Where @asymco, in writing about greatness, achieves it.
— Horace Dediu (@asymco) September 29, 2015
I’m pretty much with the sentiment here, have been since 1985 (no, not 1984). However, there’s one place Apple did cave – (apologies for my less eloquent verbage), a BIG phone. And, not just that they did big, but that they left small behind. One of the very few areas that Samsung got Apple to bend. I really do not believe that Apple would have stopped making a “small” phone if the pressure hadn’t been on from iPhone users who were getting slowly, but steadily, envious of the big phones. Even I finally buckled and traded my 5S in for a 6S, not becuase I wanted big, but I needed the power and functionality. Praise be to your Diety of choice it doesn’t feel as big as it seemed it would, but, it’s definitely bigger, and again, the thing that’s irkesome and disappointing is not that they did BIG, but that they abondon small. In almost every other way I have embraced the Apple mind-set for mobile computing and the long forgotten standard of shear quality that used to be a part of the fabric of American manufacturing, and that Apple, almost single handedly, carries on. Dear Apple, size matters, BIGGER is not always better, and I still love you.
Just want to share a little anecdote for those considering an upgrade to one of the current iPhones. I was in St.

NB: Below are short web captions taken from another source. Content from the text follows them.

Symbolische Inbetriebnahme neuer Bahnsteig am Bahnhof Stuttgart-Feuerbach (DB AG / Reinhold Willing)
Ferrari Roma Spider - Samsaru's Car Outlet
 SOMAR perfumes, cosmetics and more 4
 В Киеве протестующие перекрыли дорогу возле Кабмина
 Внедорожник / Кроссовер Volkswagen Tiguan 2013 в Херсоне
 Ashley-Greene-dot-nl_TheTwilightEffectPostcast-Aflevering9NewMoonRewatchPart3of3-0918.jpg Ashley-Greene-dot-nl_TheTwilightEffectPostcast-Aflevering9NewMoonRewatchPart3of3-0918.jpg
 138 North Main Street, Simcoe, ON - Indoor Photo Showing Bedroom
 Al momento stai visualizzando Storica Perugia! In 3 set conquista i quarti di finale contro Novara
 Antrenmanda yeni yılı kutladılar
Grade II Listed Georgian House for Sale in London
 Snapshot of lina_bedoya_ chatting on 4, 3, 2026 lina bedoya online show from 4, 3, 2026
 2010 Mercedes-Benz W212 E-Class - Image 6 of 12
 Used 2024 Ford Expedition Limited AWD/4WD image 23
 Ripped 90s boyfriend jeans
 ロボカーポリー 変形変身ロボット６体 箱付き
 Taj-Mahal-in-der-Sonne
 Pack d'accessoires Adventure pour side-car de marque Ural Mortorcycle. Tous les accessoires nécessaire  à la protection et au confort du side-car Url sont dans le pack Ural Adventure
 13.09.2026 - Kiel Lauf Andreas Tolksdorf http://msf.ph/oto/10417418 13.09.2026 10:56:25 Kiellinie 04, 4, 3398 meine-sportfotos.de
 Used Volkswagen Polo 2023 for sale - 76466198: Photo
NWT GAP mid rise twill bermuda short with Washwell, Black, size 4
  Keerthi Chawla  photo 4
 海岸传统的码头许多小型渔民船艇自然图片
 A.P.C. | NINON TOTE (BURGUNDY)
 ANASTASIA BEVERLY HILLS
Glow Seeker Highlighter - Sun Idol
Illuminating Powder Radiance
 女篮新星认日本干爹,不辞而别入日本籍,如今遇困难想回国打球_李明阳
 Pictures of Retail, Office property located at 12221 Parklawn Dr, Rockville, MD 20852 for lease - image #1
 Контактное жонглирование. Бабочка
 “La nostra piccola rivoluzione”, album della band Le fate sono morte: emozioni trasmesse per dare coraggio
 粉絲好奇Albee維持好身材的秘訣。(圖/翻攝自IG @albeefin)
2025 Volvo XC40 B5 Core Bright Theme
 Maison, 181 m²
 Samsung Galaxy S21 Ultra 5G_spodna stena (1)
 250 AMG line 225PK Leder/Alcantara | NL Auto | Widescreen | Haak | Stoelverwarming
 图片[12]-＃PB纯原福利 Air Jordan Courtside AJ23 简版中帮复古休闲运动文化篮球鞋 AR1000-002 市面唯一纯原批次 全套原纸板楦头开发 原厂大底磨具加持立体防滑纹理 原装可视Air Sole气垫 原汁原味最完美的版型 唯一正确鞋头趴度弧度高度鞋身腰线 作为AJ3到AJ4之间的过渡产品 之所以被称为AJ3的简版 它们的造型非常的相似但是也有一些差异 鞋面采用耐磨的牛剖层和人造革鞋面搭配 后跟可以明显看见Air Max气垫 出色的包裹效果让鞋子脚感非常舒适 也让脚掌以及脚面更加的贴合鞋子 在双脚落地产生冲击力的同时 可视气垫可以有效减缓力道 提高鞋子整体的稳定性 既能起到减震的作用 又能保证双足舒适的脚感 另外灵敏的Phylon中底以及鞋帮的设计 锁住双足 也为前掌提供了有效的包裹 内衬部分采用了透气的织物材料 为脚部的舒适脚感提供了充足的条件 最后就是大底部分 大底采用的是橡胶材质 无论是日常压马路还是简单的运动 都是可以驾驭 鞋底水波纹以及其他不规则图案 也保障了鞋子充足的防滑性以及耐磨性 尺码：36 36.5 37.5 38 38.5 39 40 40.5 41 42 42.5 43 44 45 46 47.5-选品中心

Louis this last Sunday on some other business and decided to stop by the Apple store and look at a new phone – long story short, I upgraded from 5S to 6S last, and after some wrangling, finally got everything up and going – and, it turns out to be a very important upgrade for me, especially from a performance standpoint
I do want to elaborate on the, “wrangling”, a bit: I was using Beta 9.1/2 on my 5S and the new 6S I brought home was running 9.0. So, I was, initially, not able to restore my 5S backup to the 6S because iTunes would not allow me to restore an image from a later iOS – it took me a little while to figure out what to do, (I admit I can be a bit slow sometimes), but, I finally decided I was okay with installing Beta 9.1 on the new phone, went back to my Apple beta program email and followed the instructions to get the new 6S upgraded to iOS 9.1 beta. Now I’m able to smoothly restore my 5S backup to my 6S. In the meantime there have been a few apps that don’t want to run at all or have acted irraticaly – simply deleting and reinstalling them has fixed these problems.
My wish is that Apple would take us beta testers into account when we want to upgrade our hardware. In retrospect it makes sense that Apple would provide safeguards for its users, but, I wish they would spell it out, up front, don’t just hit me with a screen that says I can’t restore because the new device has an older iOS version – be aware that I’m using a beta of the iOS that is beyond the current stable release and spell out this fact for me, then give me on-screen instructions on what to do. Would’ve saved me a couple of hours of frustration. Even so, the final outcome is, in a word – AWESOME!
If you’re a performance oriented user and you’re upgrading from 5S or a previous version of the hardware, I would suggest that, looking over the latest iPhone iterations is definitely worth your time.